EXERCISE PROMPT – From the entries that follow, copy exactly the lines beginning at the line holding "Little Miss Lucky" and continuing through the line holding "Tải video Youtube chất lượng cao 2".

RECORDS TO PROCESS –
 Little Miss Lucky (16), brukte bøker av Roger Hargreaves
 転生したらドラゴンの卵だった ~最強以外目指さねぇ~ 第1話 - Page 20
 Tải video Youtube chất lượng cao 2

--

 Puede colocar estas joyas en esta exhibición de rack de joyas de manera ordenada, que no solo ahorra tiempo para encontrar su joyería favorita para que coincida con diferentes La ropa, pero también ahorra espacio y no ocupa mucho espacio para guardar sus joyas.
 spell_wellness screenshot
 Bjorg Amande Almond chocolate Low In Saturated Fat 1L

RESPONSE –
 Little Miss Lucky (16), brukte bøker av Roger Hargreaves
 転生したらドラゴンの卵だった ~最強以外目指さねぇ~ 第1話 - Page 20
 Tải video Youtube chất lượng cao 2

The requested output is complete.